● **Work required**:
Transcribe the entries below word for word, beginning at the line with "unfurnished living room with a notable" and stopping after the line with "Leere Wein- und"; drop all pictures.

● **Dataset**:
+++
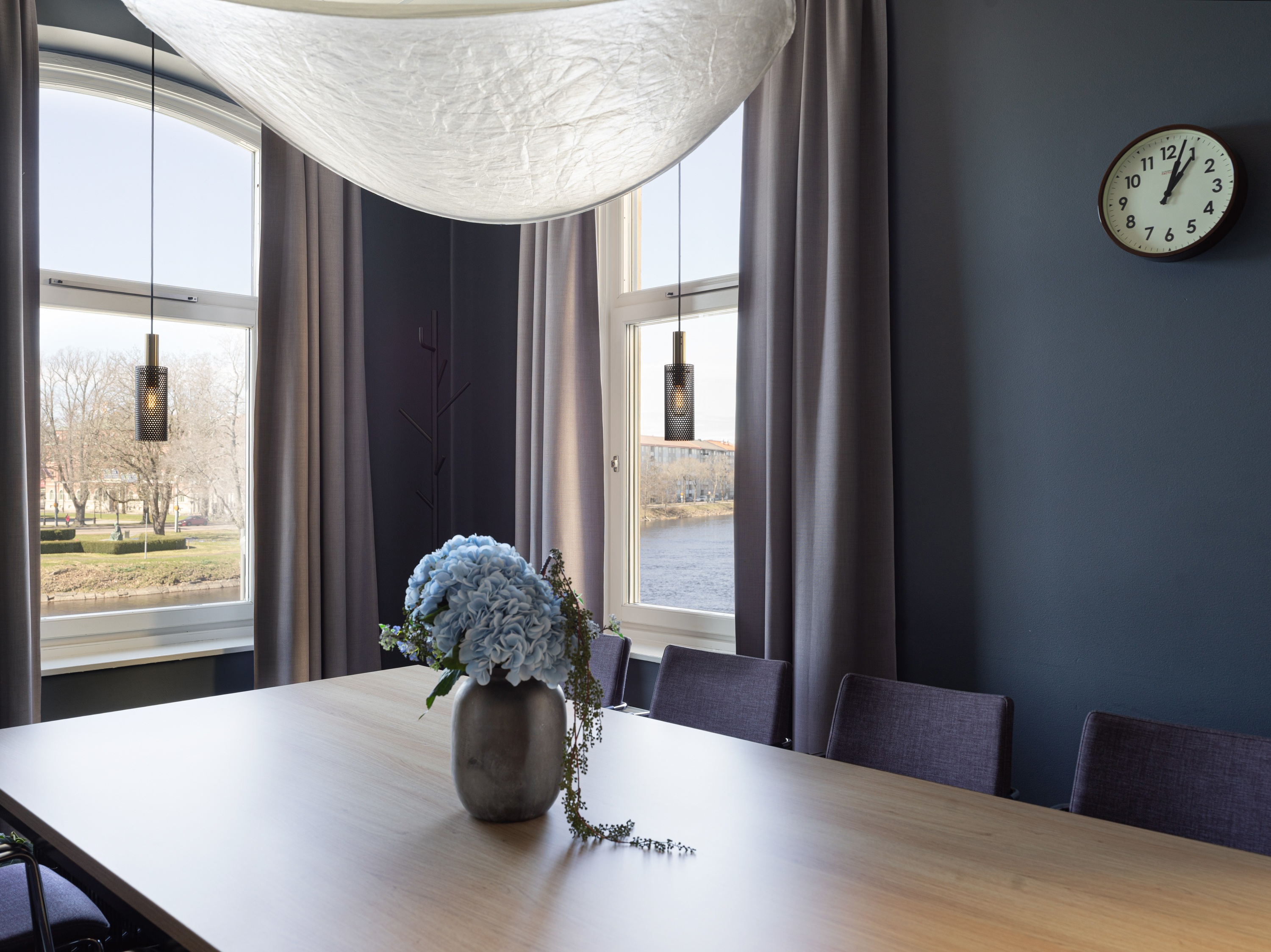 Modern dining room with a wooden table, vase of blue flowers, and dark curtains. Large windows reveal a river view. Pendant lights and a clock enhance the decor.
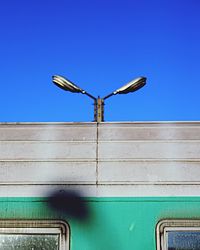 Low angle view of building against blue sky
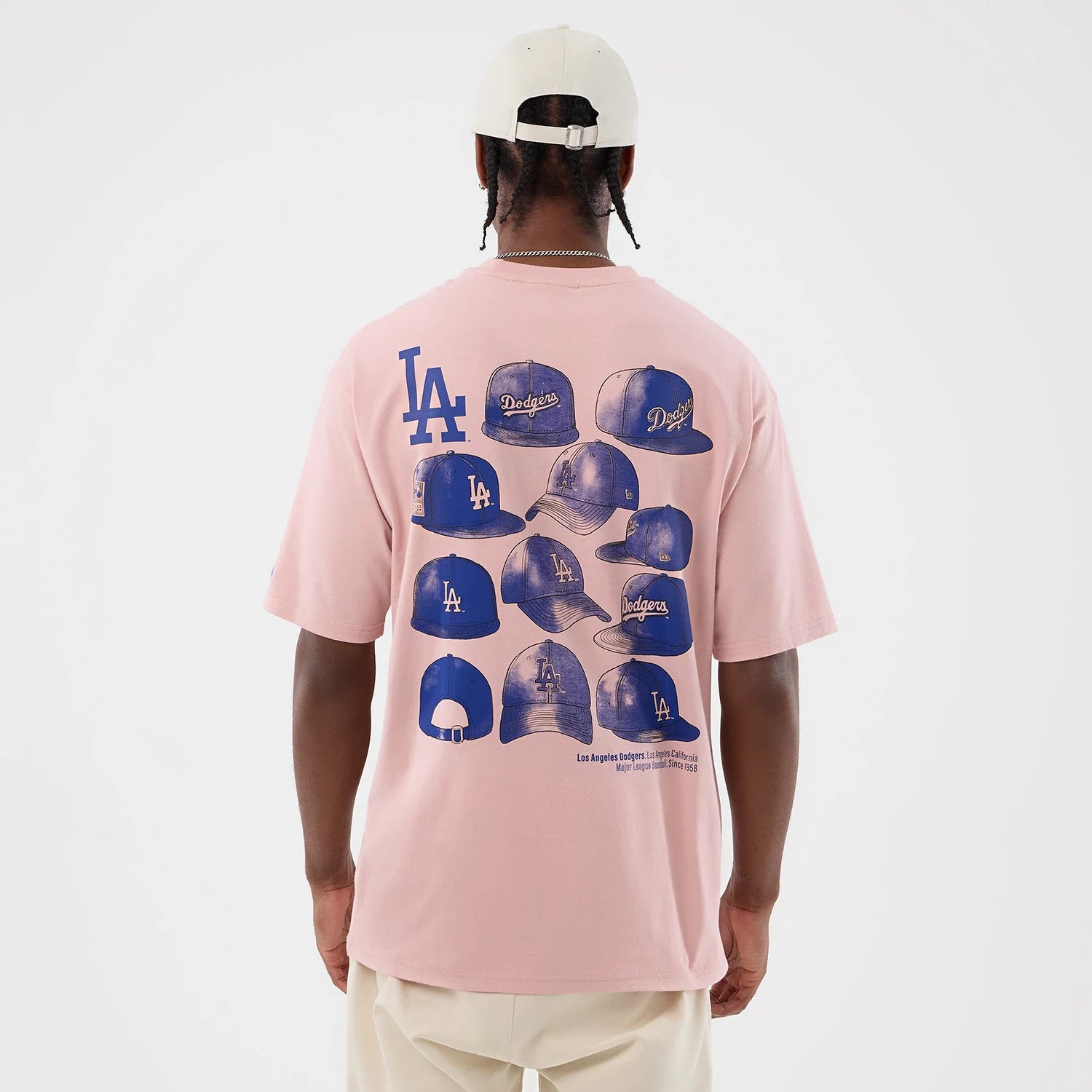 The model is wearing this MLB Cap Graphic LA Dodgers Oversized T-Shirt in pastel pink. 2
+++
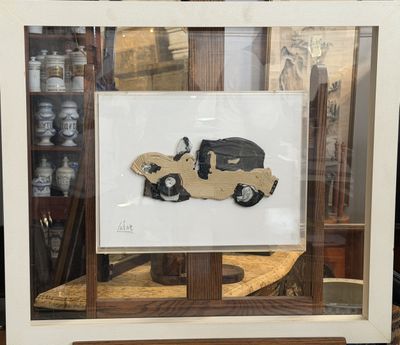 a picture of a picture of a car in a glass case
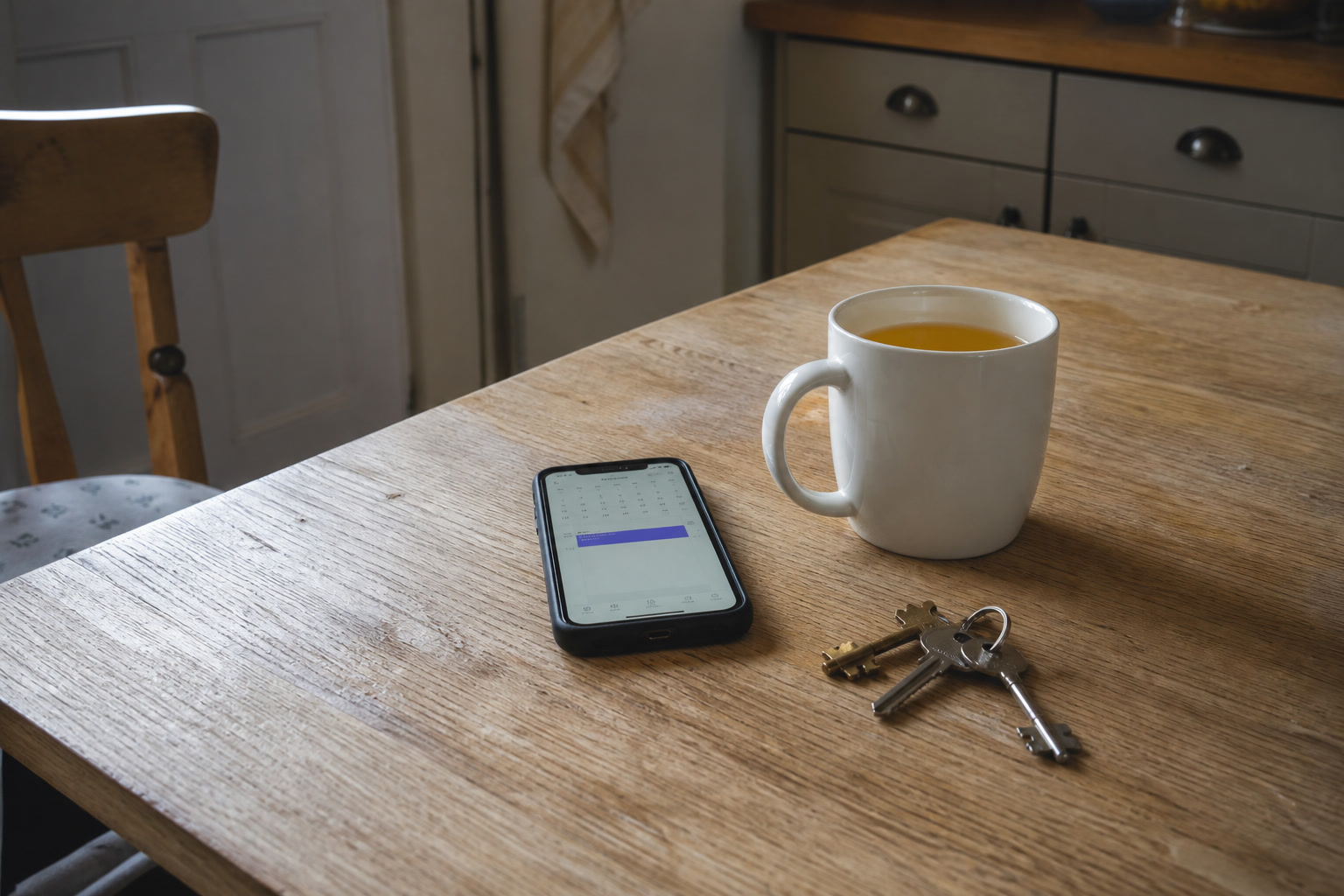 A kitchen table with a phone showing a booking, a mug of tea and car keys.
+++
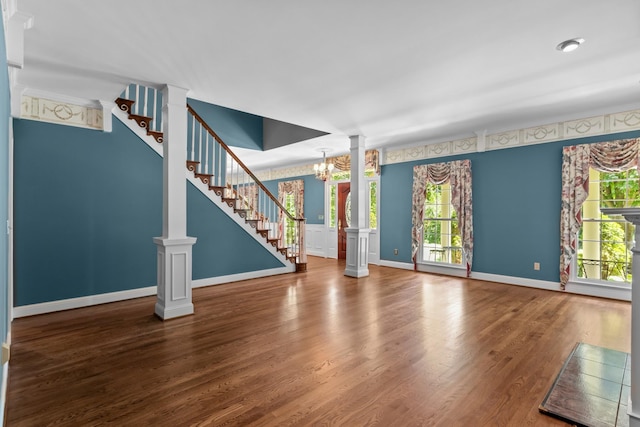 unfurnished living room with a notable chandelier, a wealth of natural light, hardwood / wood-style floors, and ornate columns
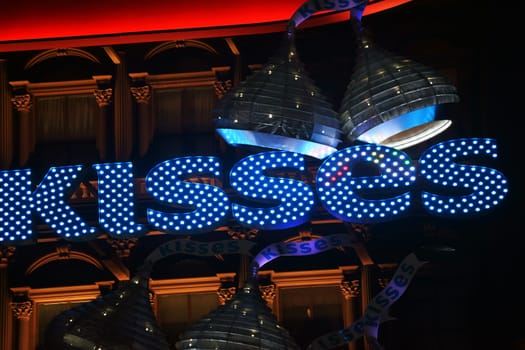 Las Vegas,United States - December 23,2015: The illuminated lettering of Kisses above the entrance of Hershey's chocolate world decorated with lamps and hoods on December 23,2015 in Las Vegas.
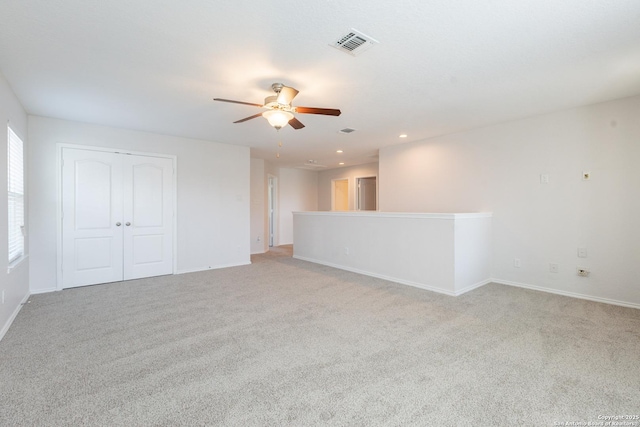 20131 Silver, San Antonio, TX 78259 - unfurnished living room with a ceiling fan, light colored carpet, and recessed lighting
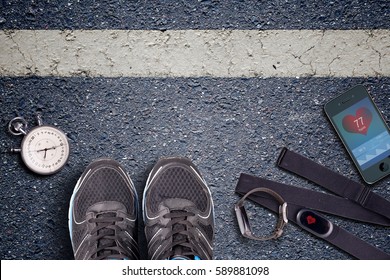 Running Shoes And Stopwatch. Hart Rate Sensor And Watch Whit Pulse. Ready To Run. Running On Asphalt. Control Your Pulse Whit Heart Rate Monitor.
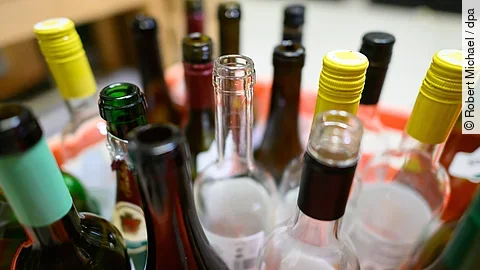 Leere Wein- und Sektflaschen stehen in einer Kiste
+++
● **Answer to this exercise**:
 unfurnished living room with a notable chandelier, a wealth of natural light, hardwood / wood-style floors, and ornate columns
 Las Vegas,United States - December 23,2015: The illuminated lettering of Kisses above the entrance of Hershey's chocolate world decorated with lamps and hoods on December 23,2015 in Las Vegas.
 20131 Silver, San Antonio, TX 78259 - unfurnished living room with a ceiling fan, light colored carpet, and recessed lighting
 Running Shoes And Stopwatch. Hart Rate Sensor And Watch Whit Pulse. Ready To Run. Running On Asphalt. Control Your Pulse Whit Heart Rate Monitor.
 Leere Wein- und Sektflaschen stehen in einer Kiste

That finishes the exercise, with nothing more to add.